Royal Derngate and Northampton

Genre: Drama

Venue: Assembly

Festival:


Low Down

It’s that man in the pub who’s got a story to tell and he won’t go away until you’ve heard it – but hey, wait a minute, this one’s got an interesting story to tell that’s witty and entertaining.

Review

The truth can set you free – on the other hand, it can also lose you your friends and your job. Dave, the man in the corner of Milne’s Bar nursing a bottle of bud and that telling stubble, can no longer lie; he can’t even tell his ten year old nephew the white lie that his drawing is lovely.

A civil servant, working at Westminster for the wonderfully named Department of Strategic and Tactical Development or STD, Dave is disillusioned by his job, by his boss, by modern life. When his boss, Ben, persuades him to lighten up and join them on a night out, this only serves to heighten his disgust and loosen his tongue.
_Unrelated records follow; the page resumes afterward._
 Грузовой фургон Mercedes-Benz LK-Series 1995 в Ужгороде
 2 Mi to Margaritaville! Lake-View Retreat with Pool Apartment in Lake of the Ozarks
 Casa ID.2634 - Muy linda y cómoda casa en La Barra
He launches into a vitriolic diatribe in the pub toilet and tells his boss exactly what he thinks of him in no uncertain terms.
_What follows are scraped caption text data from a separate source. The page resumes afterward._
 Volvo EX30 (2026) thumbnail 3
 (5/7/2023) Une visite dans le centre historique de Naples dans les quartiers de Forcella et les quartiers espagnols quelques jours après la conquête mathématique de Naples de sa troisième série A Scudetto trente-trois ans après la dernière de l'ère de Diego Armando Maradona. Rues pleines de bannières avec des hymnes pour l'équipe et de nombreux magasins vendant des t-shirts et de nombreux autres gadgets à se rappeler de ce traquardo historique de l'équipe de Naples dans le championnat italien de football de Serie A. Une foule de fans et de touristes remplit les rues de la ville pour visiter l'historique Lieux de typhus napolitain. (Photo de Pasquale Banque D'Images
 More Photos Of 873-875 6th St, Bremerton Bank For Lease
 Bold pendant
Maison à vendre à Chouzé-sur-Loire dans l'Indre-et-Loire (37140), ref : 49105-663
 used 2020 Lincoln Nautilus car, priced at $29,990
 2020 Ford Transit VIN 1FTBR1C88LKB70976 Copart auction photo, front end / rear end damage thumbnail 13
Having reduced Ben to tears, Dave sets out on a drunken Pilgrim’s Progress voyage of redemption through London. Fuelled by copious consumption of Merlot and vodka, punctuated by place-names like some dark Dionysian London A-Z, Dave wends his way home.

Raging with fury at modern day life, Dave is a deeply misanthropic, world-weary character but his dissection of 21st century banality resonates with truth. Trystan Gravelle’s performance as Dave finds a skilful balance that lets us warm to this dark and bitter character and find sympathy with his worldview.

As George Burns famously said, “Acting is all about honesty. If you can fake that, you’ve got it made”. Trystan Gravelle has got it made.

Exploring how much honesty is acceptable and the lies we tell one another, DC Moore’s script is darkly sinuous and piercingly funny. The gags come thick and fast, the word play is skilfully constructed and the wit is perfectly directed. Definitely a playwright to watch.

And a performance to watch. This one-man performance may only be 45 minutes long but it certainly packs its punches and picks its targets.